#### [WHAT IS BEING ASKED]
Without changing a word, copy every line of the listing below and leave out the images.

**** COLLECTED MATERIAL

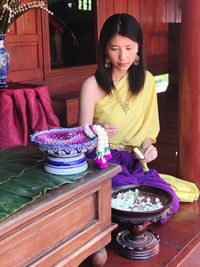 Woman making garlands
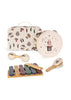 The Konges Sloejd Music Set - Circus features a charming decorated musical suitcase filled with delightful wooden instruments, including a tambourine, maracas, a xylophone with mallets, and two castanets—all adorned with whimsical animal designs and soft pastel colors. This enchanting set is perfect for inspiring little musicians.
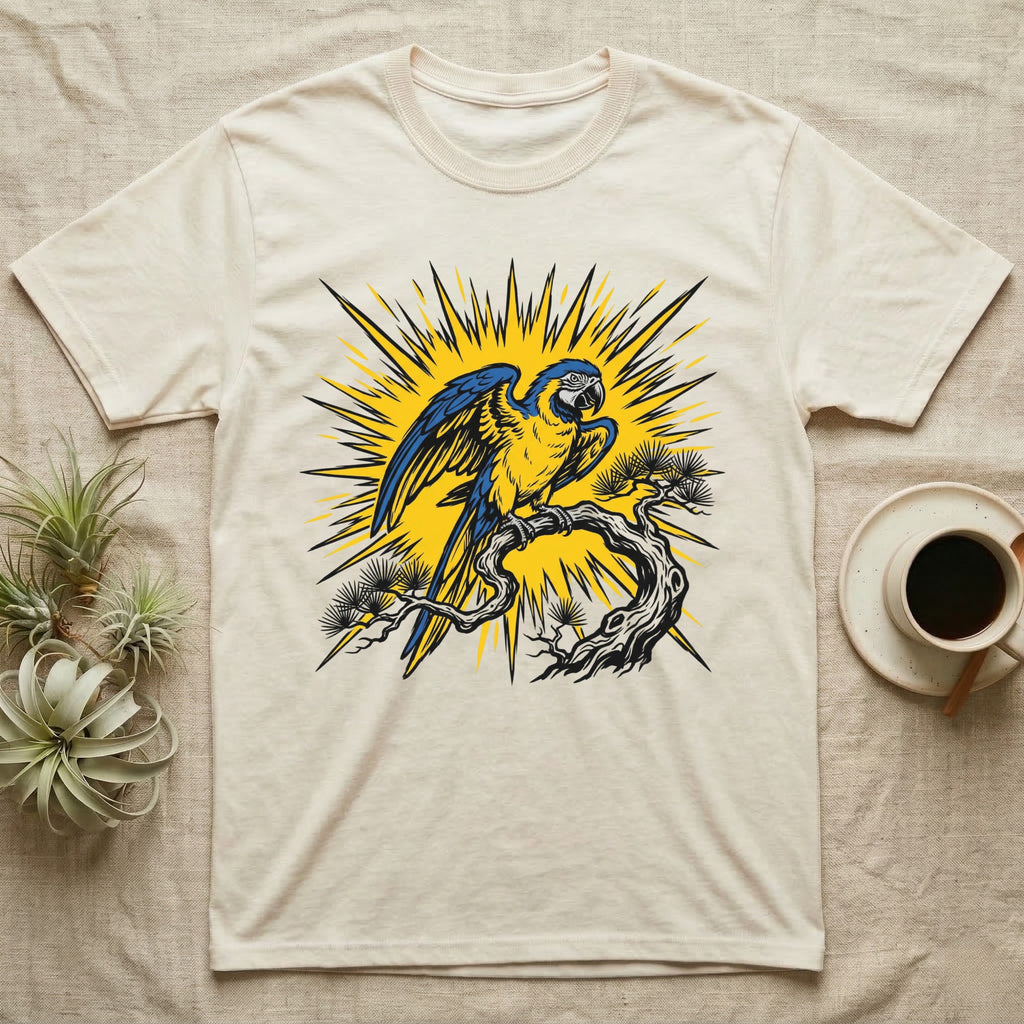 Yellow and blue macaw perched on a branch, sunburst background on a cream t-shirt.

********

#### [ANSWER BOX]
 Woman making garlands
 The Konges Sloejd Music Set - Circus features a charming decorated musical suitcase filled with delightful wooden instruments, including a tambourine, maracas, a xylophone with mallets, and two castanets—all adorned with whimsical animal designs and soft pastel colors. This enchanting set is perfect for inspiring little musicians.
 Yellow and blue macaw perched on a branch, sunburst background on a cream t-shirt.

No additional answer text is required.